Callmesausage · 22/02/2017 08:09

The pathetic whimpering comment you seem to have forgiven already, as a heat of the moment thing, you say you haven't always conducted yourself well in an argument. Have you ever said anything so nasty to
him? It may be the first time he has been so cruel, but I suspect not the last.

As hard as it may seem now, if you continue with this relationship you are opening yourself up to a lifetime of misery.

Fishface77 · 22/02/2017 08:35

I feel sorry for your DC because he will turn on them. It's a matter of time.

AndTheBandPlayedOn · 22/02/2017 14:41

Oops, he let his mask slip a little too soon. He will not fancy the idea of starting over with someone else so be prepared for the extra nice-nice with icing and a cherry on top. Or the polar opposite tactic of shaming you (to pull you back to toeing his line of expectations for you) for having self respect (because he certainly doesn't respect you so stop with the rediculous idea that you deserve respect already).

Please don't fall for it.
It doesn't sound like you will. Star
The room mate episode is probably act one scene one of weeding people away from you (-it is a guess to predict a pattern based on the first instance, but taken as a part of the whole dynamic with this bloke-imho, I wouldn't be surprised).

Packing his kit and running away was designed to shock you. He is very serious about what his expectations are: this is his truth.

The back tracking is a strategy. He said "sorry"...but did he apologize for his behavior (implying it is no good-you are not meant to complete his sentences for him or to read his mind). Sorry you got up set? Nope-that is the same as insulting someone then saying sorry if you were offended (but not sorry for the original insult!).

I agree he is not a bad communicator. I agree this is the tip of the iceberg-when he moves in I would expect it to get much worse.
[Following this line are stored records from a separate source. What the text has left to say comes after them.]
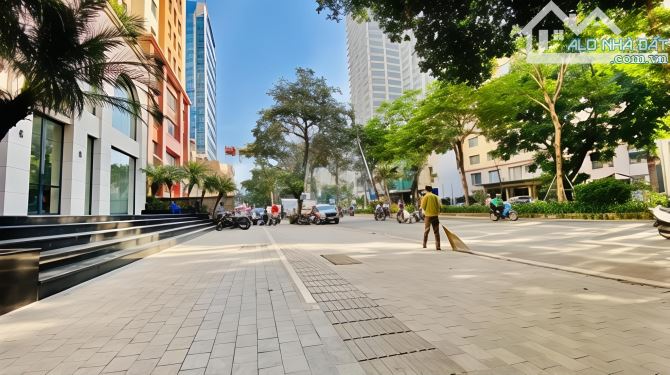 Bán nhà mặt phố Láng Hạ, DT 150m2 x 5 tầng, mặt tiền 8m, giá 80 tỷ.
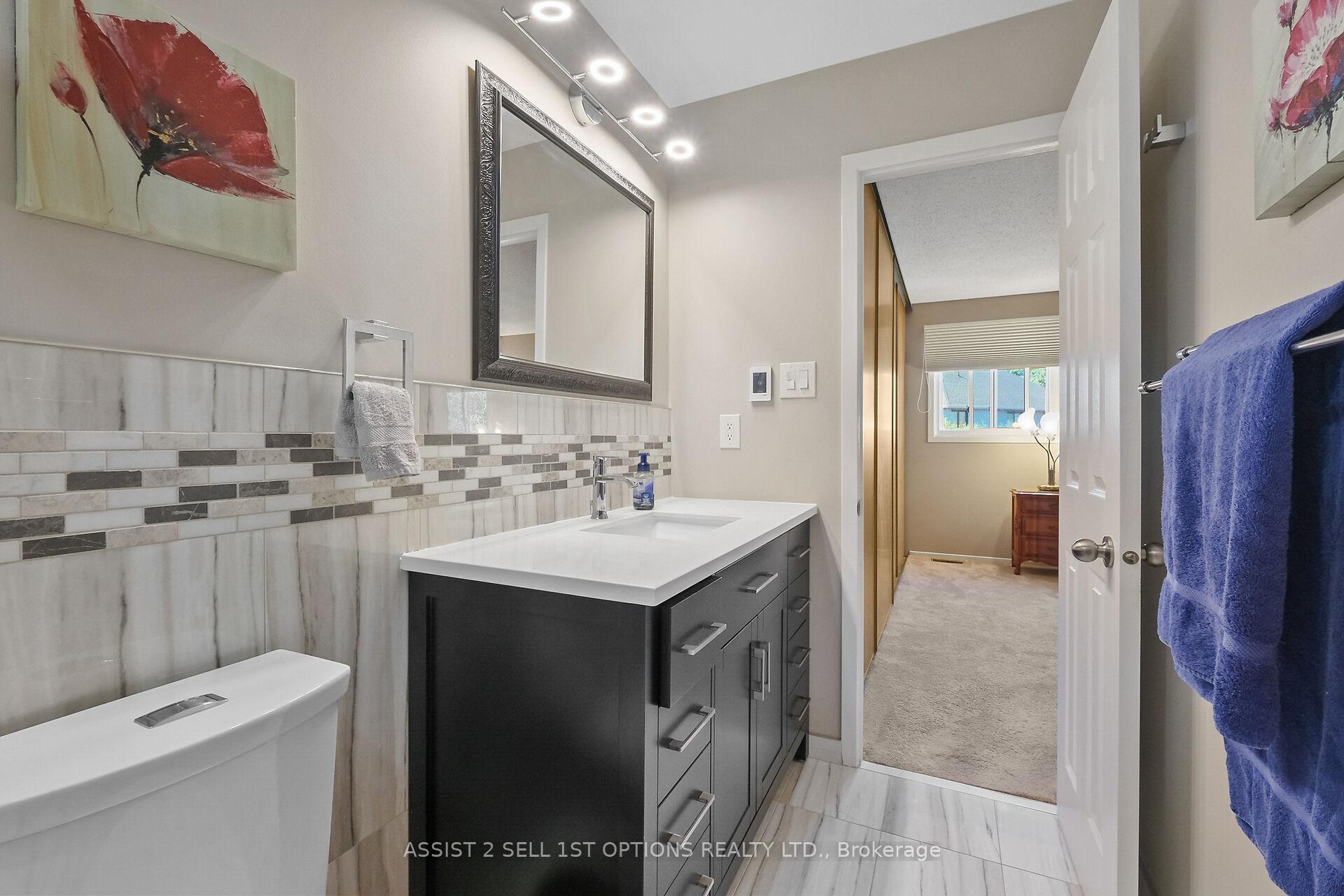 Photo 24 of 20 Colfax Street, Ottawa, Craig Henry/Woodvale — HOMEH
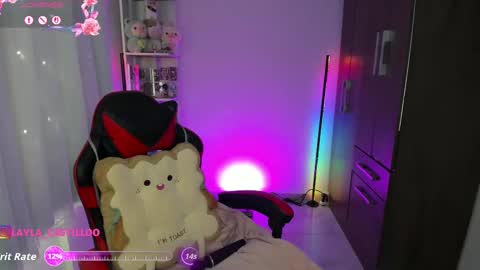 Layla online show from September 16, 2:25 pm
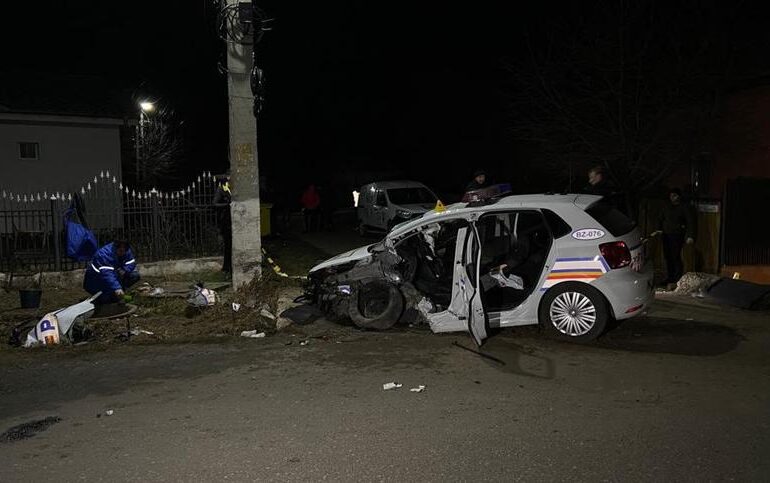 Buzău: Un tânăr a condus fără permis o mașină cu plăcuțe false, a lovit un pieton, iar polițiștii care îl urmăreau au făcut accident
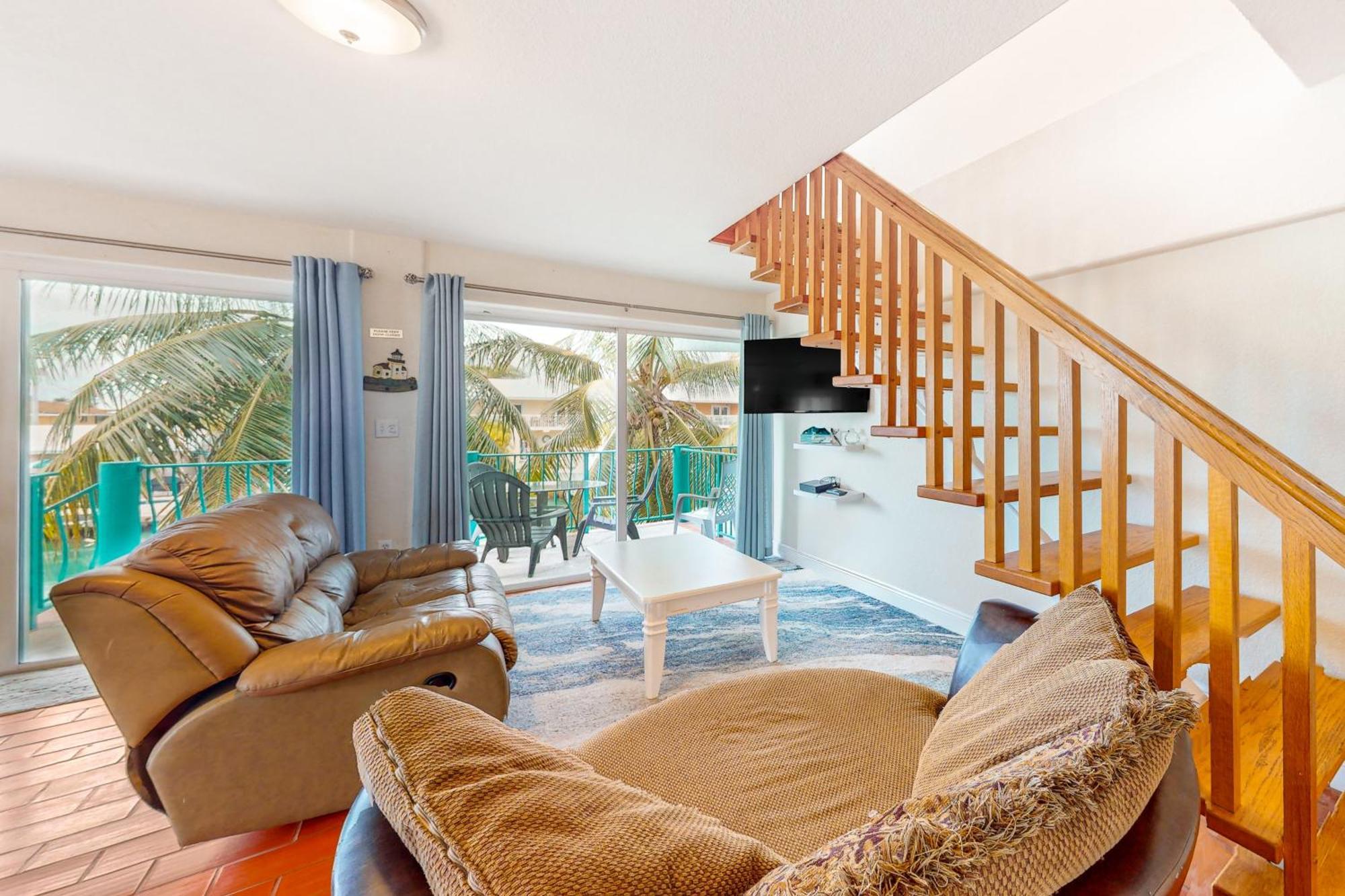 Breezy Palms & Tropical Charm Holiday home *
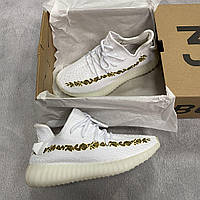 Женские кроссовки Adidas Yeezy Boost 350 v2 white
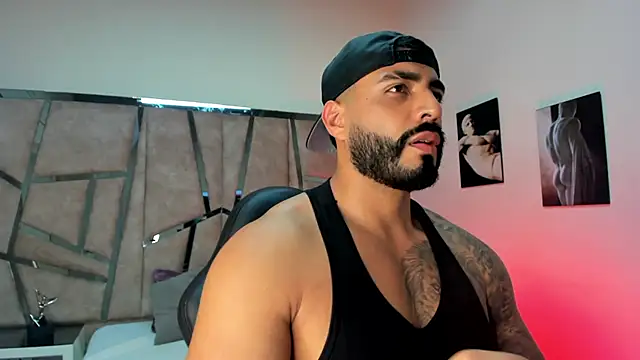 Snapshot of LeandroRusso chatting on February 22, 7:58 pm LeandroRusso online show from February 22, 7:58 pm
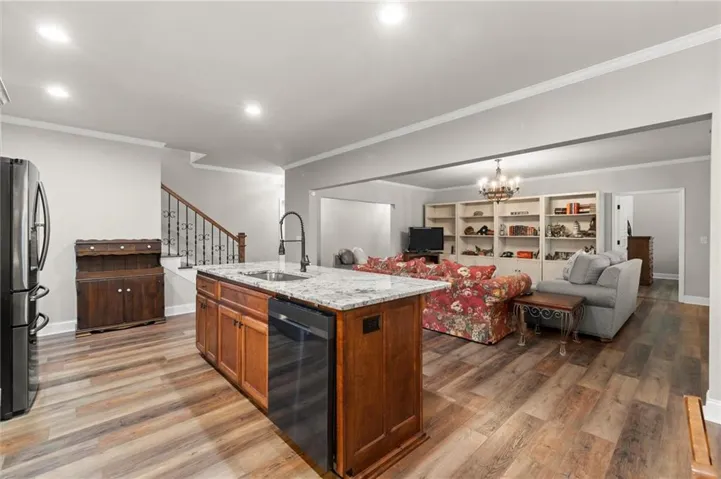 1170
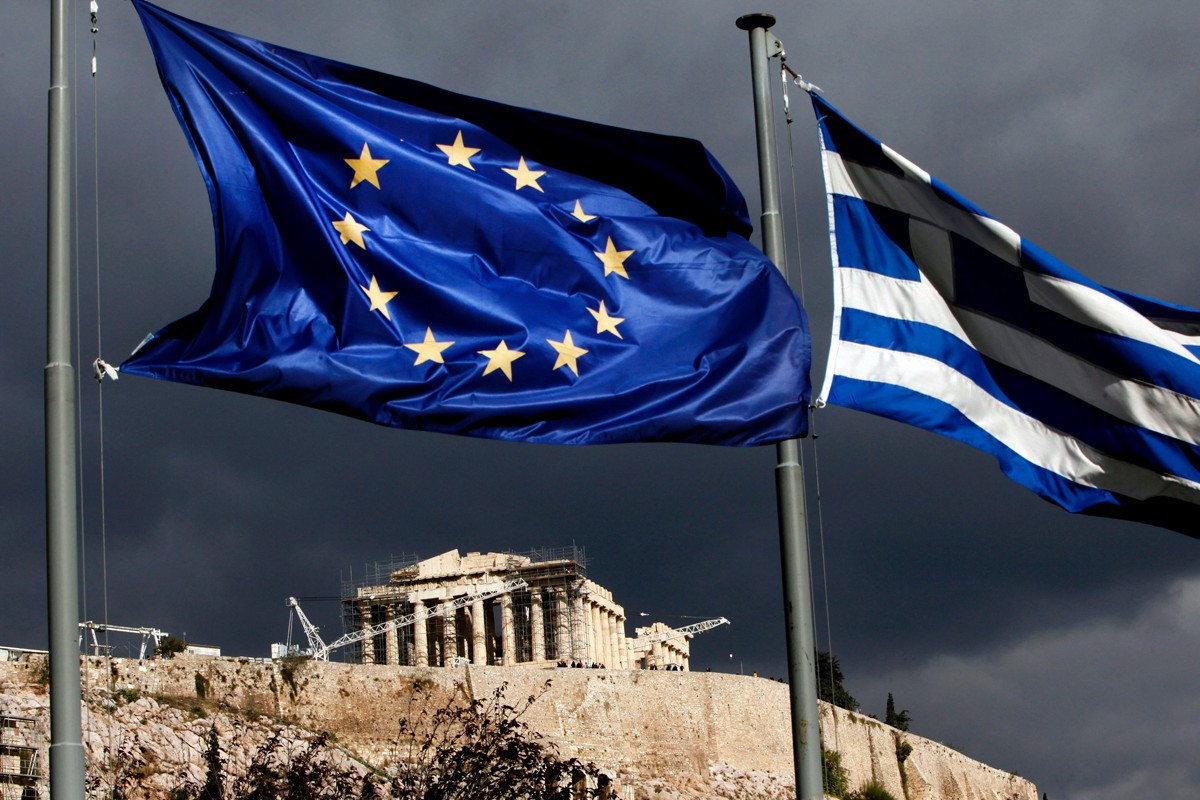 Ευρωβαρόμετρο: Οι Έλληνες δηλώνουν ευρωσκεπτικιστές και ζητούν περισσότερη κοινωνική προστασία
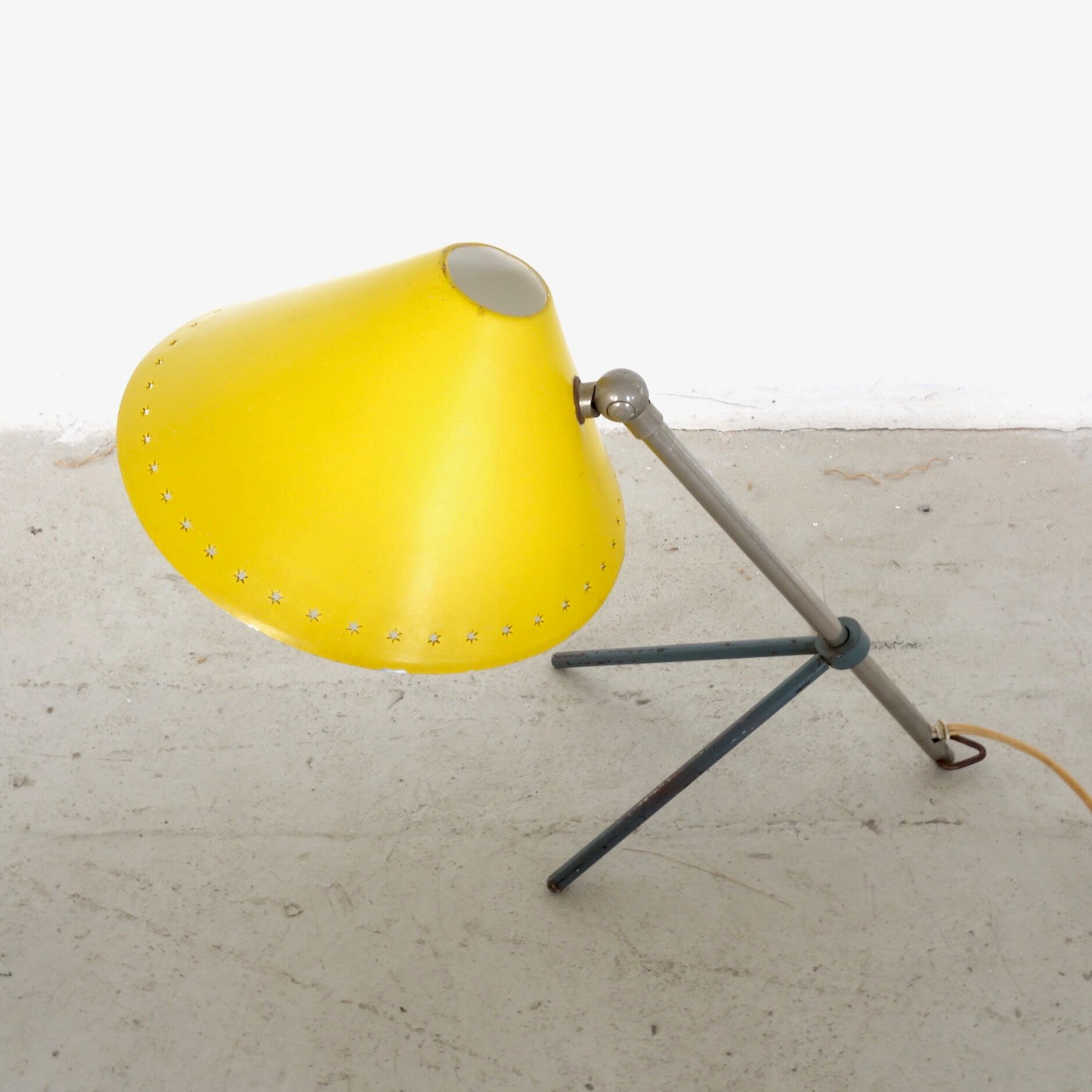 Desk lamp or apply wall Pinocchio Mid-Century yellow by H.Th.J.A. Busquet for Hala, 1953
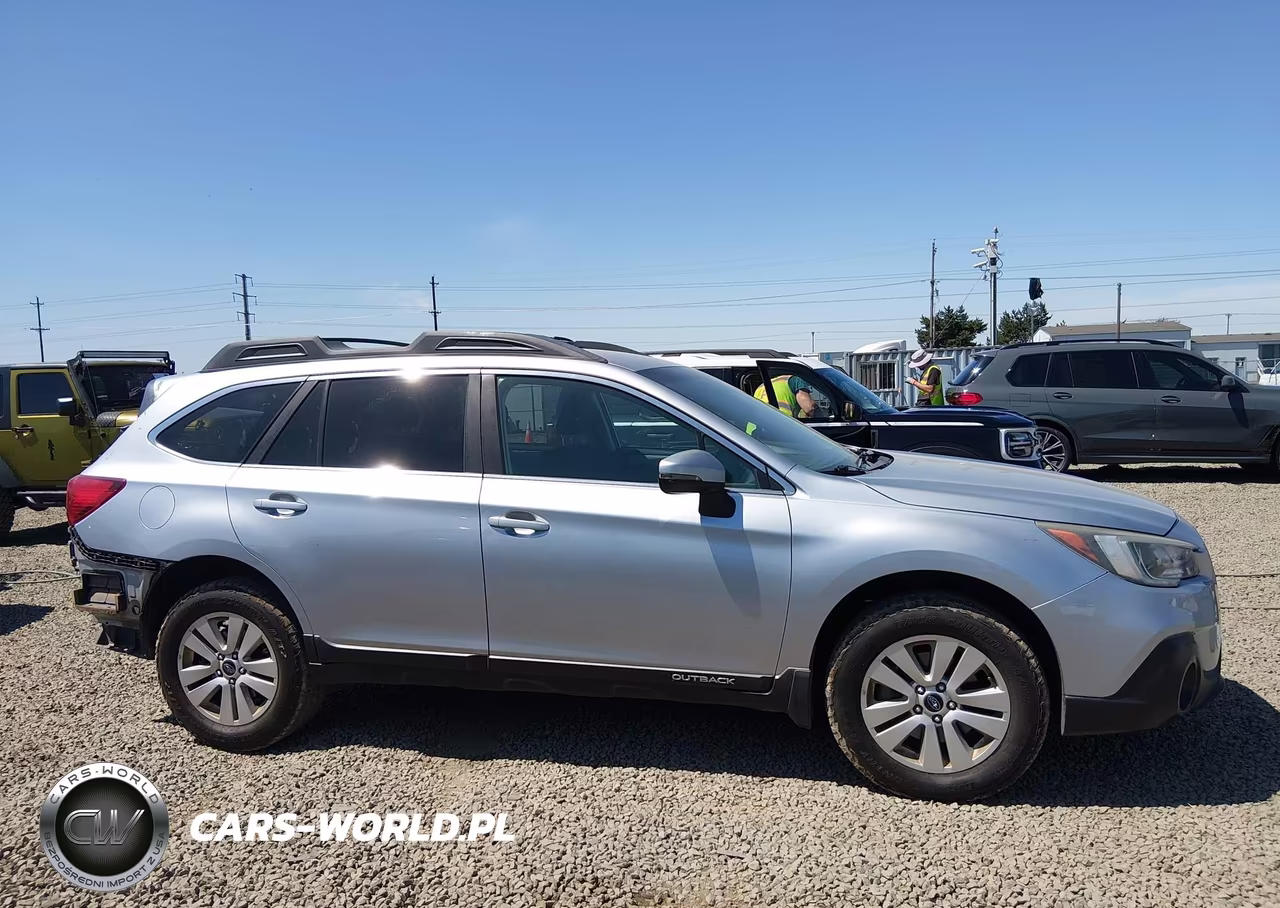 2019 Subaru Outback 2.5I Premium VIN:4S4BSAFC6K3345329 - 14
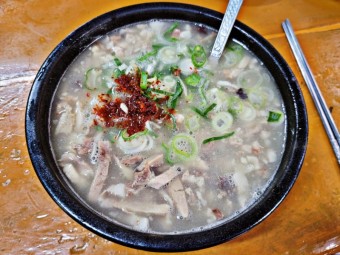 울산 동구의 진하고 끈적한 돼지국밥 맛집 하동식당!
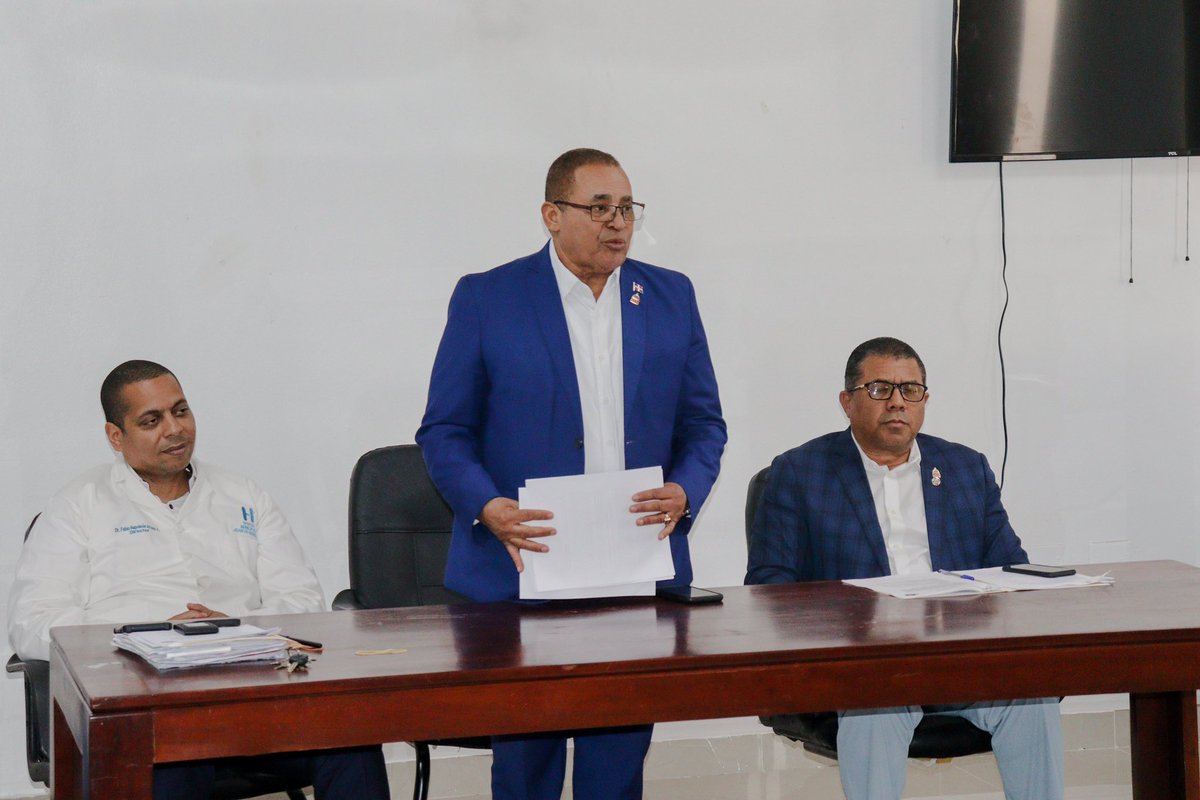 drJoseMatos's tweet photo. Visita de monitoreo al Hospital Regional Dr. Alejandro Cabral. 

📍San Juan de la Maguana. 

#saludpública https://t.co/npGnYf17fM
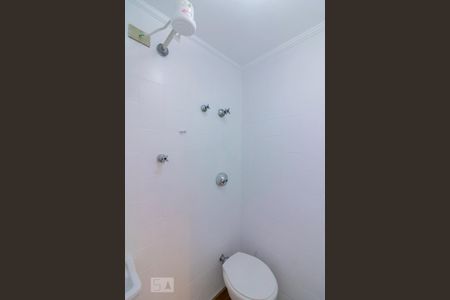 Apartamento para alugar com 85m², 2 quartos e 1 vaga Apartamento para alugar com 85m², 2 quartos e 1 vagaBanheiro de Serviço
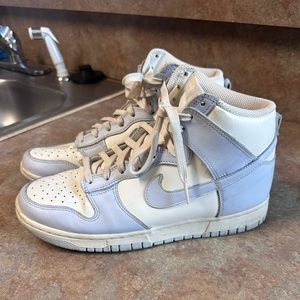 Nike Dunks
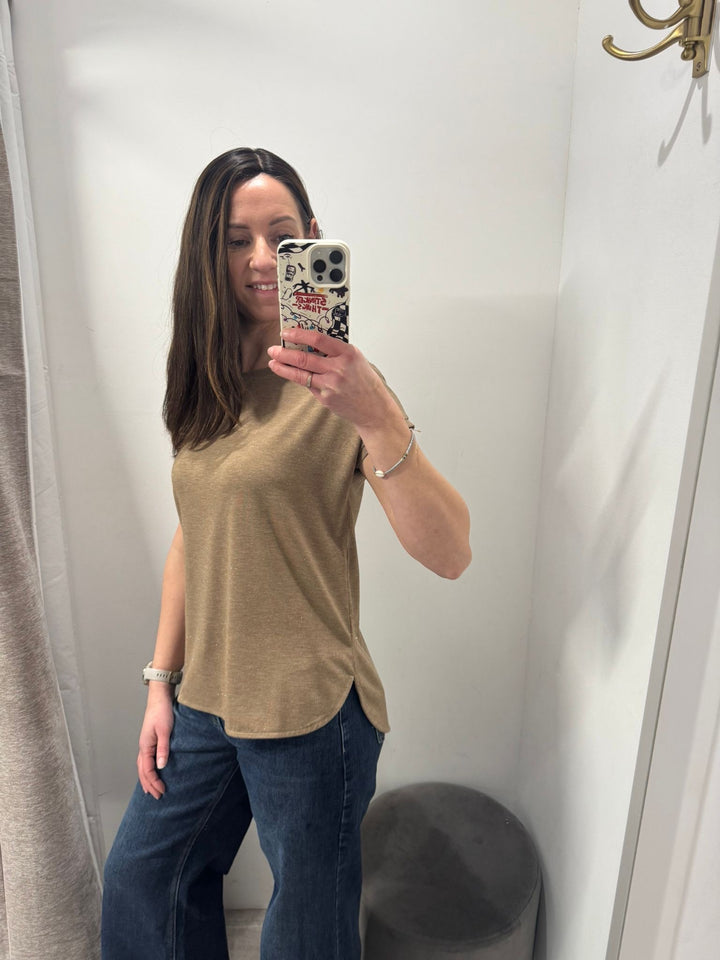 Rebel T-shirt - Sepia Tint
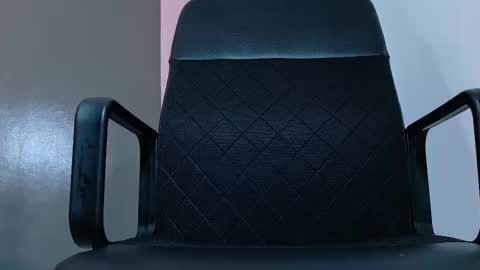   online show from 10/25/25, 11:40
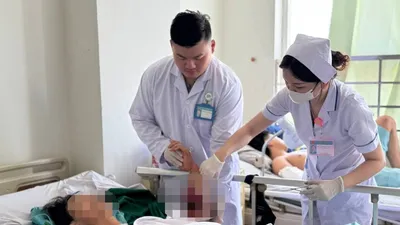 Bệnh nhân đã hồi phục và đang tập phục hồi chức năng.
Identifying the exact flaw, or pin pointing the offending behavior and give chance after chance to establish meaningful relief from it are good exercises but,imho, not necessary. Simply put, you are not compatible. A doctoral disertation proving it is unnecessary-you do not need to justify your feelings. He certainly isn't going to justify his feelings (unless it is a vehicle to shame you back into his template for you- not exactly sincere then).

thegreysheep · 22/02/2017 22:16

I don't think he has a problem with communication. But I do think he has a problem communicating in a respectful mannerror. Because he doesn't feel respectful. Sorry.

Mommasoph30 · 23/02/2017 11:04

fuck this, hes showing you who he is and he wont change. RED FLAG.

Zxyzoey31 · 23/02/2017 11:22

I haven't read the whole thread but the ranting thing will only get worse. My H does it and when I call him out on it him he gets even more outraged, denies he does, it is still grumpy at me now from a weekend incident about it. TBH I thinking of divorce so my advice is get out now.